En notas anteriores he comentado la necesidad (deber) de rechazar el plan por estamentos ciudadanos y políticos, y ya podemos decir que el empresariado ha reaccionado ante esta iniciativa ilegal y económicamente suicida, porque es malo estar en silencio y se debe recordar que “quien calla, otorga”, y de forma más completa: “quien calla, cuando puede y debe hablar, otorga”.

​Durante el año y medio de desafío y desvarío soberanista los soberanistas han demostrado su afán de dividir la sociedad, han insultado a los ciudadanos que se han atrevido a oponerse o criticar su plan, han injuriado a la nación a la que pertenecen con el “España nos roba” y han hecho uso de desprecio a todos los niveles, incluidos el Presidente de la Comisión Europea porque han dicho la verdad, que es que, cualquier territorio europeo que se separe de un Estado firmante de los Tratados europeos quedaría auto-excluido de la Unión Europea y del Euro. Pero, por fin, empiezan a surgir voces contundentes y declaraciones de ciudadanos y del empresariado. A nivel individual, por ejemplo, los Sres. Bonet y Lara; este último da titular a esta nota pues ha dicho: ¿Qué han hecho los independentistas por Cataluña?. También la CEOE, Fomento…, se han manifestado, prudentemente, pues no les interesa tal aventura.

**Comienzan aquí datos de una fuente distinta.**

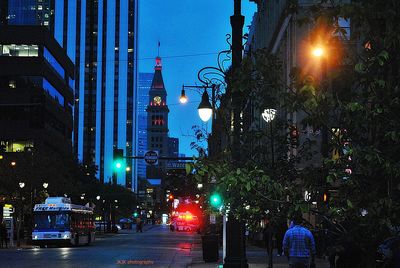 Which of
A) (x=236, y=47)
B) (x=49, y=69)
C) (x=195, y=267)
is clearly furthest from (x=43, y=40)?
(x=236, y=47)

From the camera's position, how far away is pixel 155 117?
13862 cm

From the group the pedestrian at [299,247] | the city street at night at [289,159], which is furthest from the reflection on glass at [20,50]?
the pedestrian at [299,247]

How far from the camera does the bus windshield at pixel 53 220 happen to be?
1622 inches

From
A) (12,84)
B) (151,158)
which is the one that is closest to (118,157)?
(151,158)

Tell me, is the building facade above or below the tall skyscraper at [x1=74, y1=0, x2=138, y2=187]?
below

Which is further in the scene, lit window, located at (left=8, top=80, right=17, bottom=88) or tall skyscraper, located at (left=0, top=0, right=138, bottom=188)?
tall skyscraper, located at (left=0, top=0, right=138, bottom=188)

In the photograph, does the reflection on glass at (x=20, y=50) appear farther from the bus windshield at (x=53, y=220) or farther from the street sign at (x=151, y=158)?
the street sign at (x=151, y=158)

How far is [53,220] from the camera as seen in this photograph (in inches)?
1625

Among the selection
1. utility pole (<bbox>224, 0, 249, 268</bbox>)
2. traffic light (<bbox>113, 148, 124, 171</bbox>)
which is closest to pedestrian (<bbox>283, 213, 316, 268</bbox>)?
utility pole (<bbox>224, 0, 249, 268</bbox>)

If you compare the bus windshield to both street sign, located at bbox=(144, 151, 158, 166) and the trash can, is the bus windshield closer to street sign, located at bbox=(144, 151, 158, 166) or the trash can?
street sign, located at bbox=(144, 151, 158, 166)

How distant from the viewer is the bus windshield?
41.2m

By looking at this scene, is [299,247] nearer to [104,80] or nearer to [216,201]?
[216,201]

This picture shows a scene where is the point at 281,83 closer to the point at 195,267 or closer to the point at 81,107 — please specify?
the point at 195,267

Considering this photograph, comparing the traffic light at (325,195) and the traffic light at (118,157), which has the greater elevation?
the traffic light at (118,157) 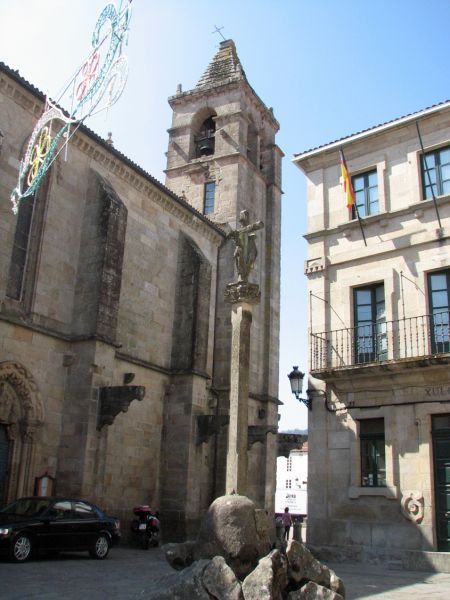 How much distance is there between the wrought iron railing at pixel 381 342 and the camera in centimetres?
1351

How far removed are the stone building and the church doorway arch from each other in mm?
6826

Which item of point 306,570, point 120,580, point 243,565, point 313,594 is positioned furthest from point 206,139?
point 313,594

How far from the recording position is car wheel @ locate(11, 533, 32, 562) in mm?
11766

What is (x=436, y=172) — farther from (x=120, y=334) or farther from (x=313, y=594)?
(x=313, y=594)

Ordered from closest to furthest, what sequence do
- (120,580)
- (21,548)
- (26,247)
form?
(120,580) < (21,548) < (26,247)

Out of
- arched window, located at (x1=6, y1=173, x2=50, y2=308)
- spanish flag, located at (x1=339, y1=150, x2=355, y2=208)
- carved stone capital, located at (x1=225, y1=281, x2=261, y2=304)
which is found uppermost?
spanish flag, located at (x1=339, y1=150, x2=355, y2=208)

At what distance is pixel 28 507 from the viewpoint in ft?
42.5

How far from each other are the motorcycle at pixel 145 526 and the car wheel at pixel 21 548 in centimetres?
588

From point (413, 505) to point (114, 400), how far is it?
25.0ft

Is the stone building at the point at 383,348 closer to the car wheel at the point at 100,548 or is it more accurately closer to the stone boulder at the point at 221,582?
the car wheel at the point at 100,548

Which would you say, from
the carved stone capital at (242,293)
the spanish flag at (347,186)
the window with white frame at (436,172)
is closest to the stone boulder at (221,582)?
the carved stone capital at (242,293)

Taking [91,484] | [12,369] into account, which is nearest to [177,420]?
[91,484]

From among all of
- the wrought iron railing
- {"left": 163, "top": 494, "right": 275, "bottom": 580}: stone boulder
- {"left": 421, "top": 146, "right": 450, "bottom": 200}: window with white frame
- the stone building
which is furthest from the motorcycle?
{"left": 421, "top": 146, "right": 450, "bottom": 200}: window with white frame

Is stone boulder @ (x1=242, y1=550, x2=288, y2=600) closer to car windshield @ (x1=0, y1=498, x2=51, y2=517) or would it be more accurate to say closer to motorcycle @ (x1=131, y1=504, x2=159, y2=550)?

Es importante la “Declaración de Barcelona”, hecha por los empresarios de habla alemana reunidos en la plataforma “Catalunya sense Europa, no”. Dejan clara su postura resumible en tres puntos:

​1.- En materia económica, han dicho que, “como empresarios, ejecutivos y profesionales liberales residentes en Cataluña observan con preocupación las tendencias independentistas”. Evidentemente, son conocedores de que la independencia de Cataluña la haría salir de España y de la Unión Europea y, para volver como miembro de la Unión Europea, el nuevo estado debería solicitar abrir negociaciones de adhesión a la Unión Europea, que durarían años, y requerirían el voto unánime de todos los países miembros de la Unión Europea, entre ellos, el de España. Además, la independencia supondría la salida del Euro y del Banco Central Europeo lo que exigiría a Cataluña a crear su moneda, que supondría una devaluación importantísima, y, más aún, las principales entidades financieras de Cataluña (Caixabank y Banco de Sabadell) no podrían funcionar normalmente ante el caos generado.

​2.- Un segundo punto de la declaración aclara que la salida de España, conllevaría la salida de los Tratados Europeos que regulan la libre circulación de trabajadores, mercancías, servicios y capitales, que es pilar esencial para la actividad empresarial.

​3.- Y la tercera apreciación resalta “los peligros de un fervor nacionalista, que en el último siglo ha traído sufrimientos inconmensurables sobre Europa y que tampoco traerá nada bueno para Cataluña”. Simplemente basta ver la realidad y describir la preocupación de muchos ciudadanos en Cataluña a causa de: la limitación al uso del castellano en las administraciones públicas, restricciones a su uso como lengua vehicular en la enseñanza, incumplimiento de innumerables sentencias que han reconocido la libre elección familiar de la lengua vehicular; obstrucción a la unidad de mercado nacional; falta de información plural, subvenciones a medios, televisiones públicas, periódicos, propaganda, etc.

​Esta declaración empresarial, hecha en el ejercicio de libre expresión y en defensa de sus ideas, ha sido criticada violentamente por nacionalistas totalitarios y con esa actitud han demostrado que son nacionalistas autoritarios que desean imponer su pensamiento.

CONCLUSIÓN

​La libertad de expresión, opinión y de empresa, deben ser ejercidas sin miedo por quienes deseen hacer uso de ellas; más aún, cuando pueden ser dañados en sus derechos e intereses por la peligrosa aventura independentista del gobierno de Cataluña. No hay que callarse y se debe denunciar la mordaza dictatorial que desean imponer los independentistas en Cataluña.